= DATA IN THIS EXERCISE =
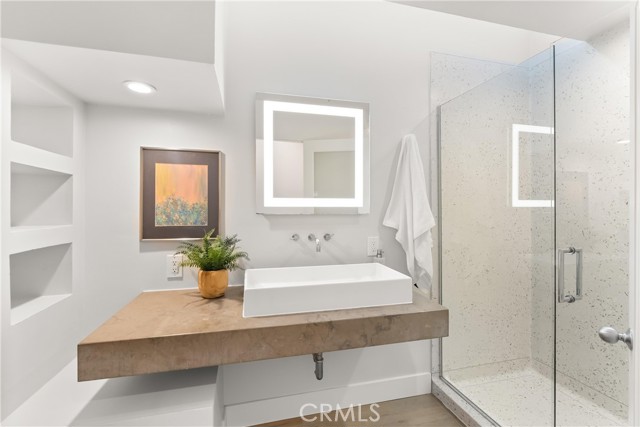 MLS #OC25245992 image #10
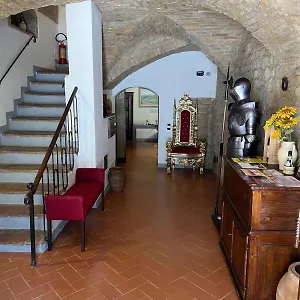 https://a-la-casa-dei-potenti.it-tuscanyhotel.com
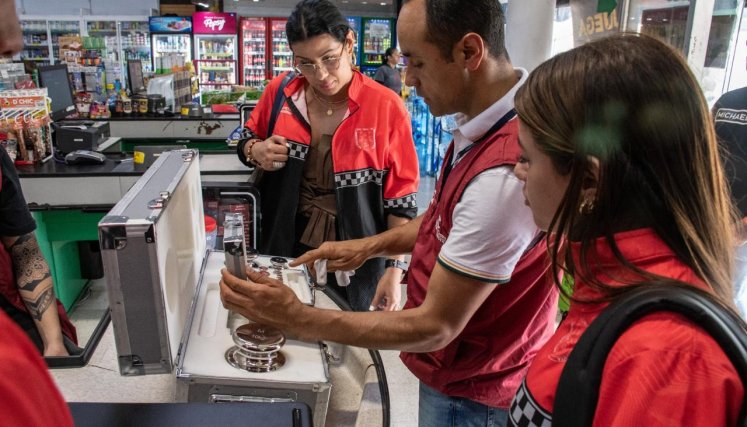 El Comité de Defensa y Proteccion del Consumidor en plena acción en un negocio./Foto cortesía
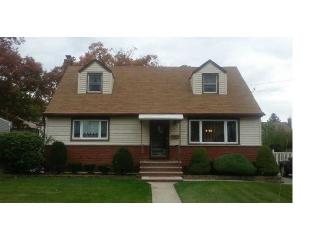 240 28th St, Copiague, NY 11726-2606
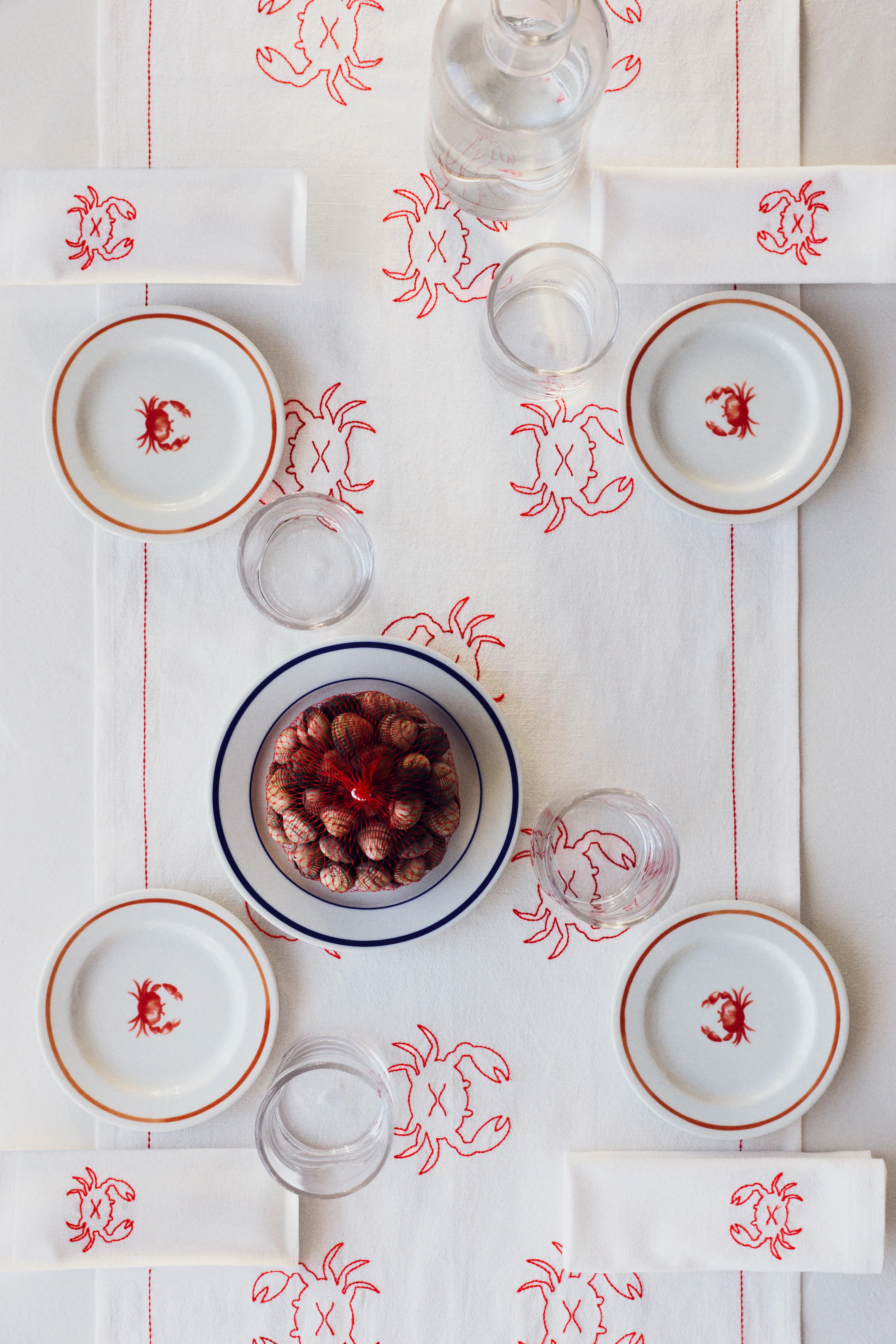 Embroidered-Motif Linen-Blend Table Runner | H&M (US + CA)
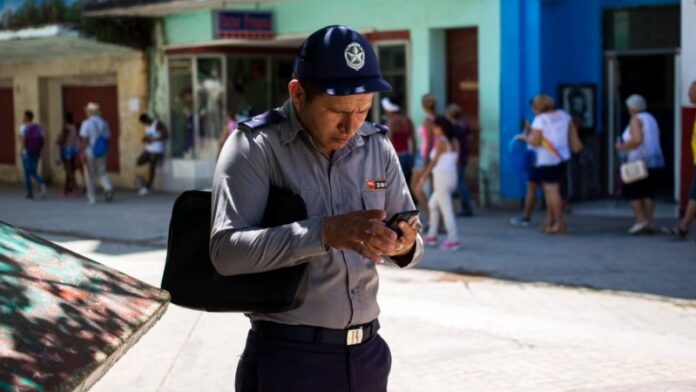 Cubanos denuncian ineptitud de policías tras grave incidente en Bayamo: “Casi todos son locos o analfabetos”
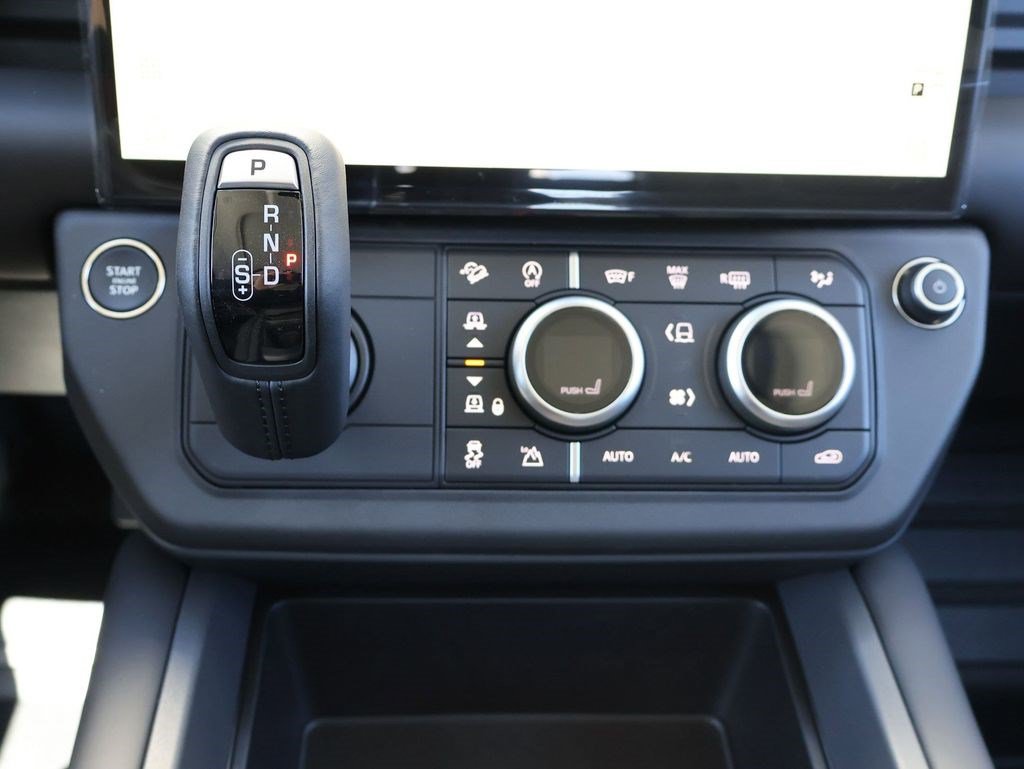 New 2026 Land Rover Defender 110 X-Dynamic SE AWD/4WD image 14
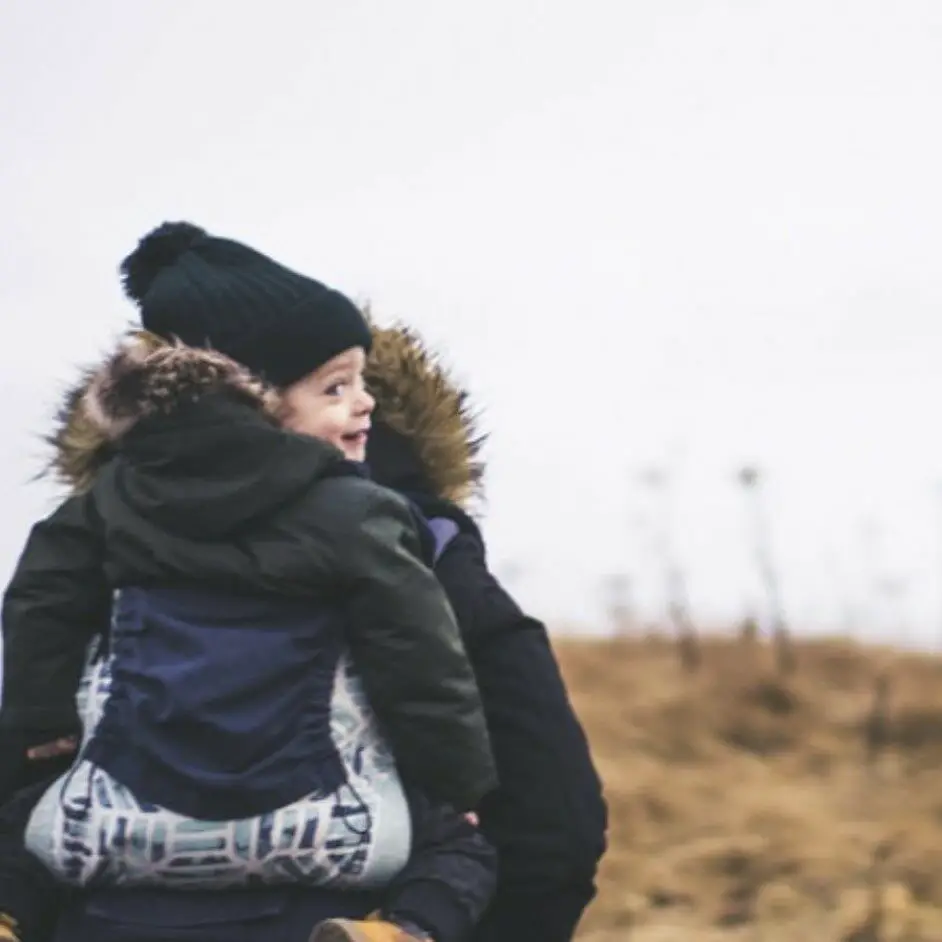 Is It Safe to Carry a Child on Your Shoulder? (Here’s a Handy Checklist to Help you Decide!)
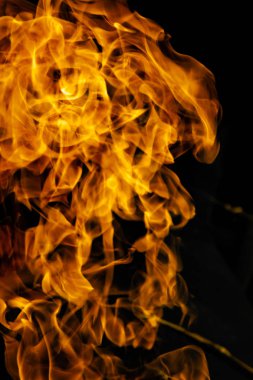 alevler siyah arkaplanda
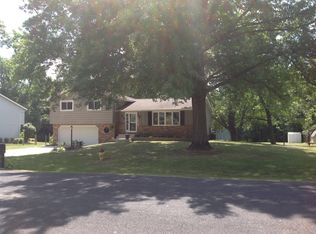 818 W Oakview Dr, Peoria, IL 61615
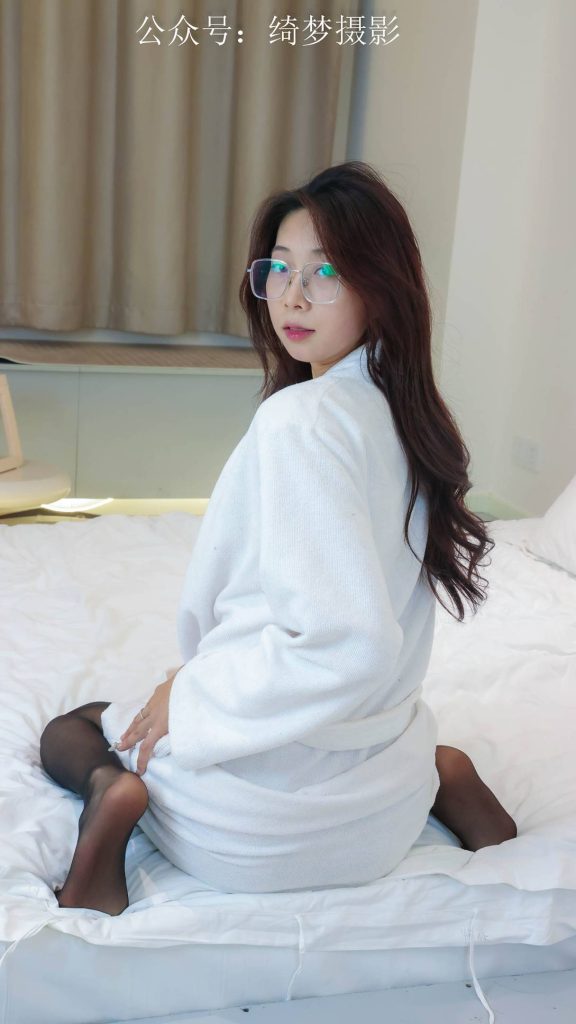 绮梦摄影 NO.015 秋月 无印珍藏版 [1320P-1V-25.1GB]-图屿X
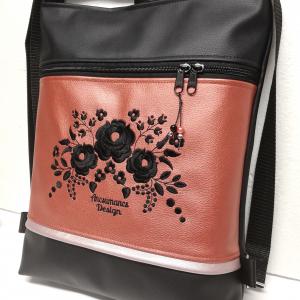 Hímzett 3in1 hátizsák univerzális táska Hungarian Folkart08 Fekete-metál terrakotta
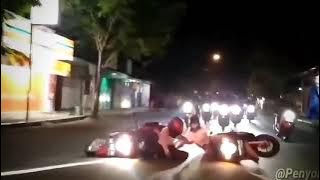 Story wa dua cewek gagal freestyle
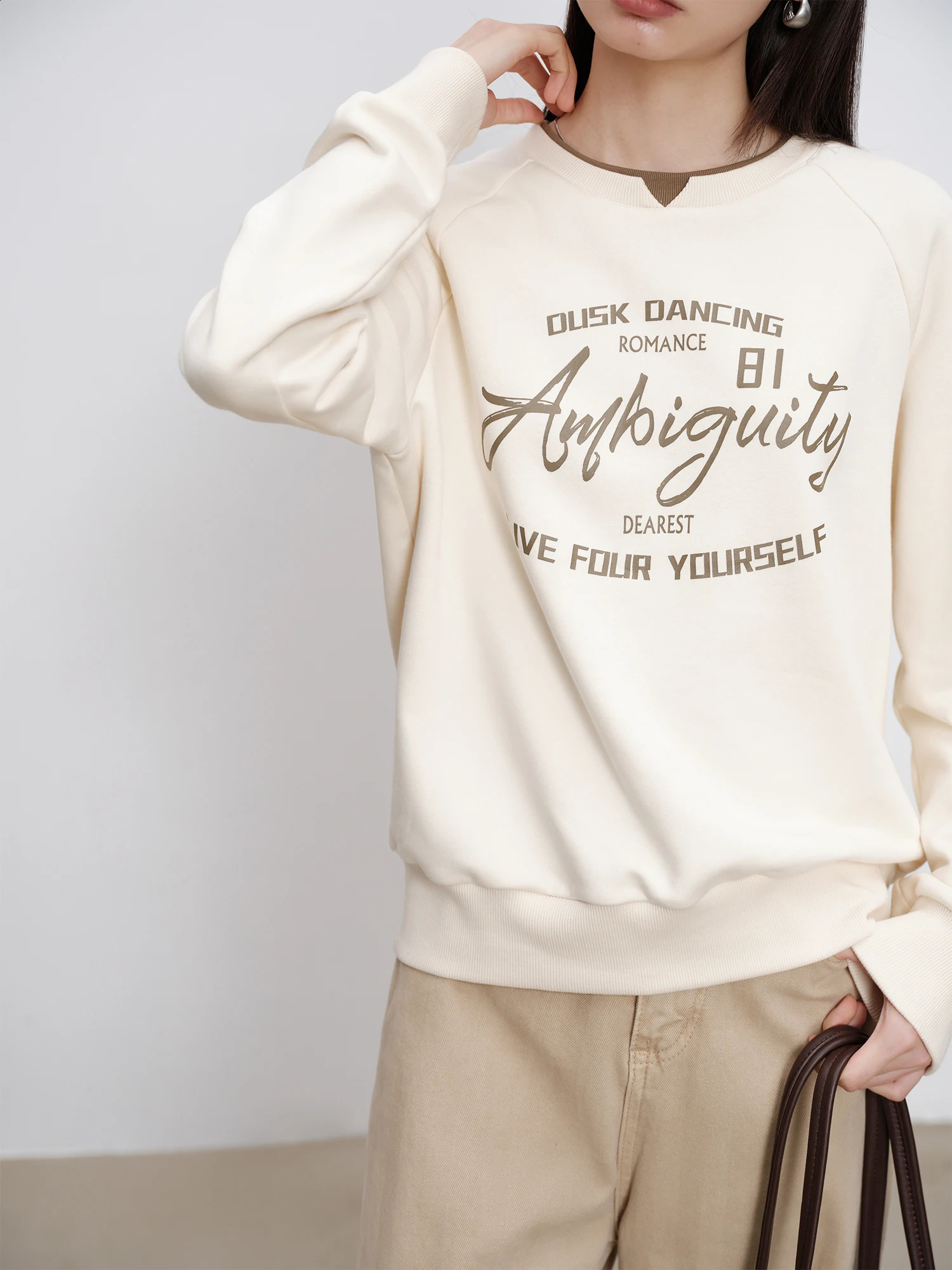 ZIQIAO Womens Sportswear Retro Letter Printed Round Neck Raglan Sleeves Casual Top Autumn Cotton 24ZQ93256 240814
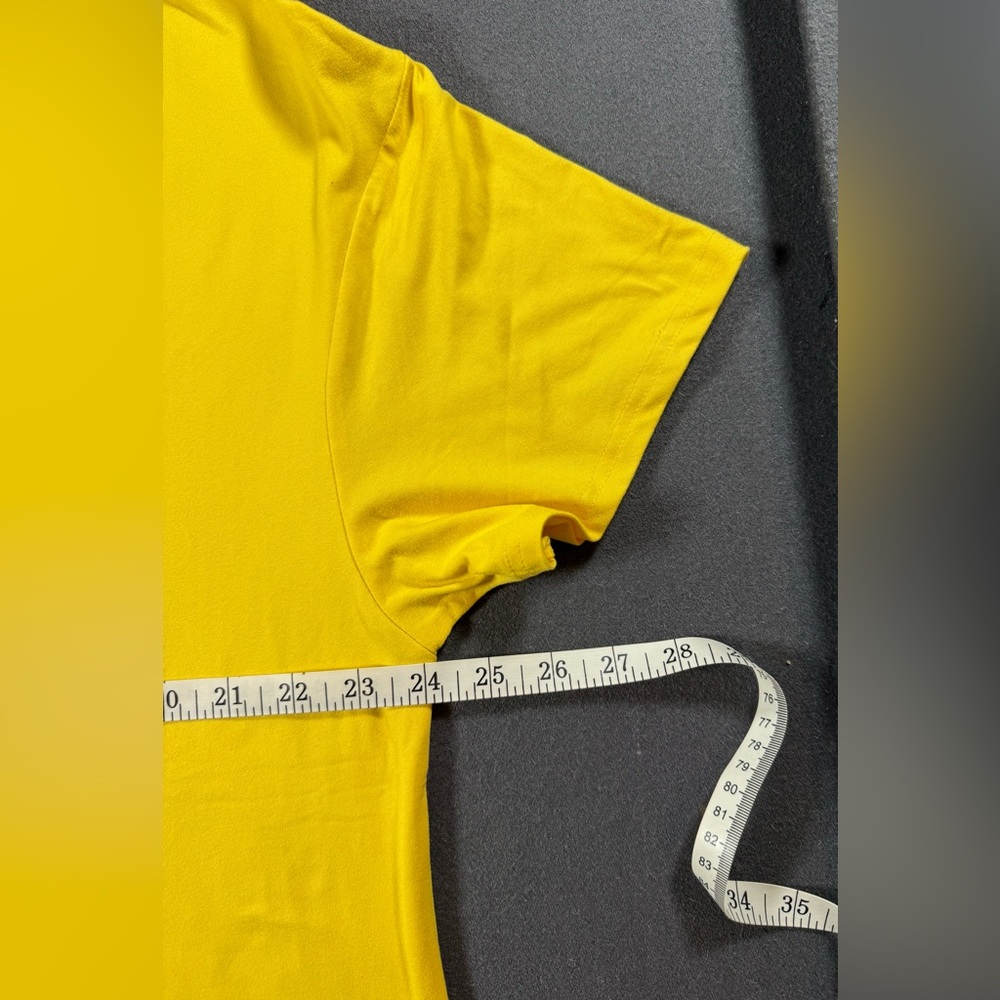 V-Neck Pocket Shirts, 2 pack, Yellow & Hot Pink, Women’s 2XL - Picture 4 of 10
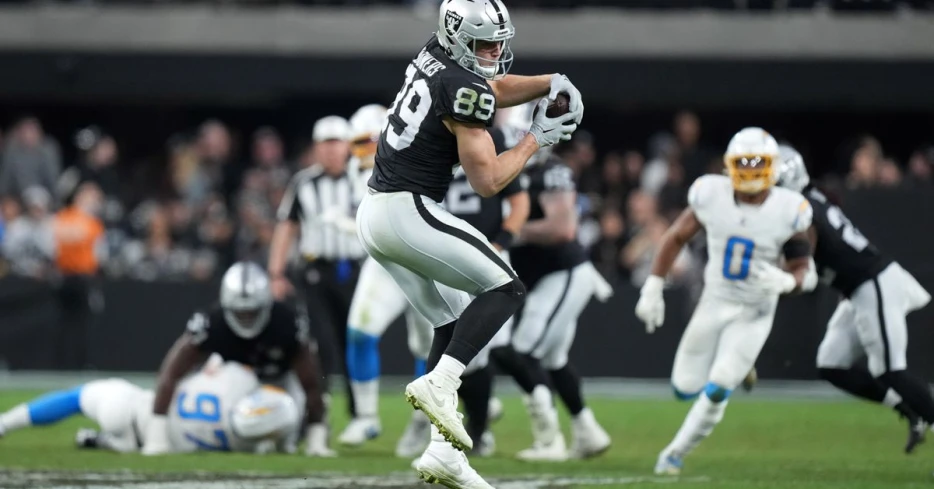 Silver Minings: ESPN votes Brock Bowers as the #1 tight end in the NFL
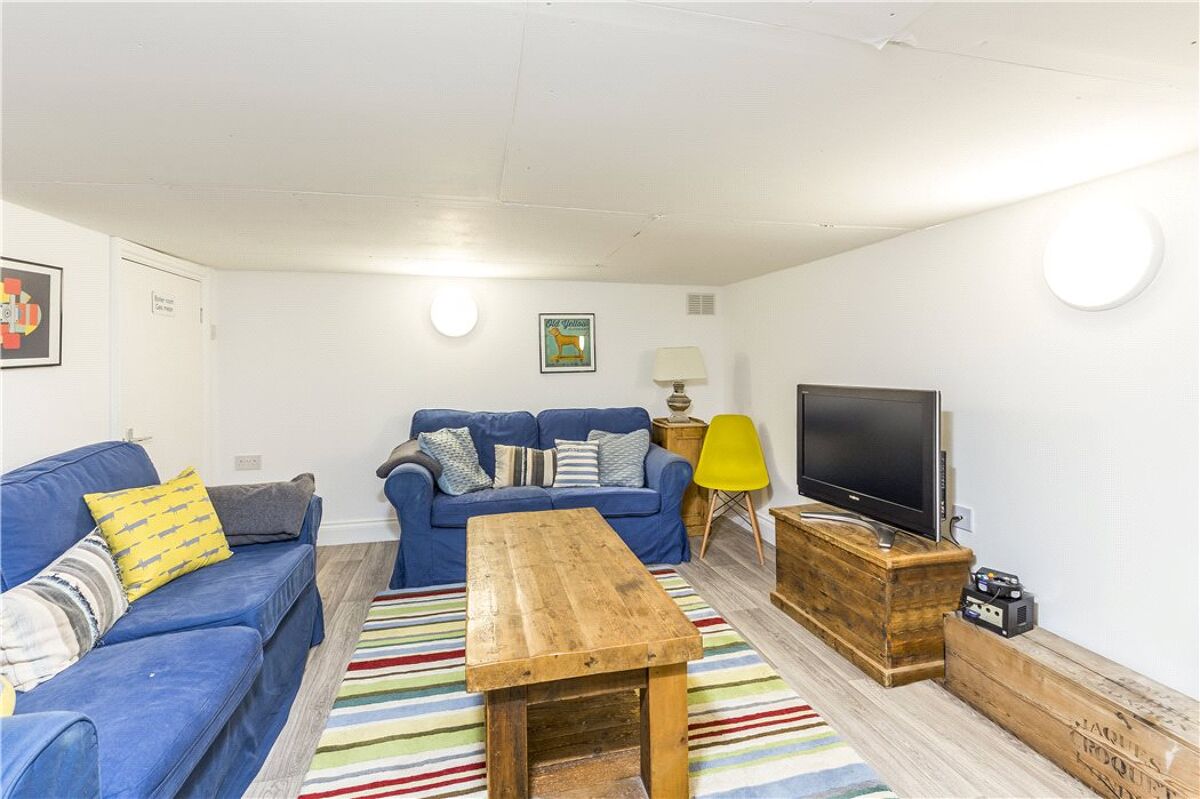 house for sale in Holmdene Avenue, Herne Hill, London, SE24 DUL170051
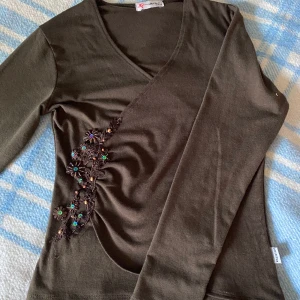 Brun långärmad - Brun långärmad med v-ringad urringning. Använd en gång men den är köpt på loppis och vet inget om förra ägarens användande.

= ASSIGNMENT =
Wherever an image appears, omit it, and retype everything else in the entries exactly.

= OUTPUT FOR THIS EXERCISE =
 MLS #OC25245992 image #10
 https://a-la-casa-dei-potenti.it-tuscanyhotel.com
 El Comité de Defensa y Proteccion del Consumidor en plena acción en un negocio./Foto cortesía
 240 28th St, Copiague, NY 11726-2606
 Embroidered-Motif Linen-Blend Table Runner | H&M (US + CA)
 Cubanos denuncian ineptitud de policías tras grave incidente en Bayamo: “Casi todos son locos o analfabetos”
 New 2026 Land Rover Defender 110 X-Dynamic SE AWD/4WD image 14
 Is It Safe to Carry a Child on Your Shoulder? (Here’s a Handy Checklist to Help you Decide!)
 alevler siyah arkaplanda
 818 W Oakview Dr, Peoria, IL 61615
 绮梦摄影 NO.015 秋月 无印珍藏版 [1320P-1V-25.1GB]-图屿X
 Hímzett 3in1 hátizsák univerzális táska Hungarian Folkart08 Fekete-metál terrakotta
 Story wa dua cewek gagal freestyle
 ZIQIAO Womens Sportswear Retro Letter Printed Round Neck Raglan Sleeves Casual Top Autumn Cotton 24ZQ93256 240814
 V-Neck Pocket Shirts, 2 pack, Yellow & Hot Pink, Women’s 2XL - Picture 4 of 10
 Silver Minings: ESPN votes Brock Bowers as the #1 tight end in the NFL
 house for sale in Holmdene Avenue, Herne Hill, London, SE24 DUL170051
 Brun långärmad - Brun långärmad med v-ringad urringning. Använd en gång men den är köpt på loppis och vet inget om förra ägarens användande.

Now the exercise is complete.